I am aware of how insurance will play into this, and I’m purposefully only talking about crafting right now. When insurance reaches it’s own “tier X” and becomes something meaningful, I’ll most certainly be back to re-evaluate how item recovery works with insurance, without insurance, and with crafting in between.
Not all doom and gloom
So there’s some good news, too.
Mineable rocks will now be “one and inert”, meaning that an asteroid or ground rock will be, say, “aluminum and inert materials” while another will be “gold and inert materials”. No more will we be presented with “E-Type” or “Q-Type” rocks filled with two or three random materials plus inert. Scanning will also show us exactly what materials are in a rock, which should greatly speed up our searches for what we need.
Eventually — not now, sadly — people who are unwilling to give in to CIG’s relentless push towards PvP will be able to purchase materials from other players. I’m sure orgs are already in the planning stage for how they will be spinning up ops to get materials from Pyro and Nyx and sell them to players in Stanton, Castor, and Terra.
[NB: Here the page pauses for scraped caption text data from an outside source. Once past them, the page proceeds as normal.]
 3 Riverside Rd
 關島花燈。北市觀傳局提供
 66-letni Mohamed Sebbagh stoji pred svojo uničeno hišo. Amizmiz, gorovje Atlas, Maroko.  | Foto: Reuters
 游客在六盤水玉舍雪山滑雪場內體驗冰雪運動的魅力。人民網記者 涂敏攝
While I’m not a fan of having to deal with a middleman like this, especially when there’s no checks and balances on price gouging (and a million ways unscrupulous players will justify doing so), it does mitigate the need for everyone to get into situations they don’t want to be in.
There’s also deconstruction which isn’t fully implemented, but eventually should provide at least above average quality materials when we break down items we don’t need. Even I agree that it would be stupid for a high quality item to yield high quality materials on decon, but I would also consider it stupid for a high quality item to provide only crap baseline quality materials on decon. I believe the quality of materials should lie somewhere between baseline and the quality used to make the original item. This would also cause the quality of the item to degrade over successive deconstructions until it’s not even worth deconstructing the item at all.
Refining is still a wildcard. Being able to refine lower quality materials into higher quality materials would erase most of this post in a split second. Yes, I would fully expect to have to spend 2, 3, or more times the original amount of material to bump up the overall quality, but simply being able to do so would make me — and a lot of other players — incredibly happy. I do expect this to become a thing, though, since during last week’s ISC Jared, Eliot, and Thorston were constantly talking about how players can tailor their experience and expectations by understanding that everything we can get from low sec areas can be had in high sec areas, just with significantly more work. This should mean that we can mine low-quality copper and turn it into higher quality copper, but it would be quicker — not easier, just maybe quicker — to go to Pyro and mine it at a straight-up higher quality. I’m OK with this trade-off, though.
While I am excited to receive crafting (and the new inventory UI) in an upcoming patch, I’m always leery of CIG’s inability to release a fully-forward feature. It’s always a case of “one step forward, two steps back” as a new feature debuts and other, older and established features mysteriously stop working they way they did before the patch. Having access to crafting will certainly be true, but it’ll only be a subset of the full-featured implementation until gawd knows when, as CIG is also lax about following up tier-0 releases in a meaningful timeframe. Assuming crafting releases in March, I expect to be stuck with introductory crafting for the rest of 2026, possibly half or more of 2027 as they look to release more tier-0 systems in the interim. Even a tier-0 crafting system would be better than what we have, and would allow players to provide feedback that will hopefully push the feature towards the cornerstone of the game it really needs to be.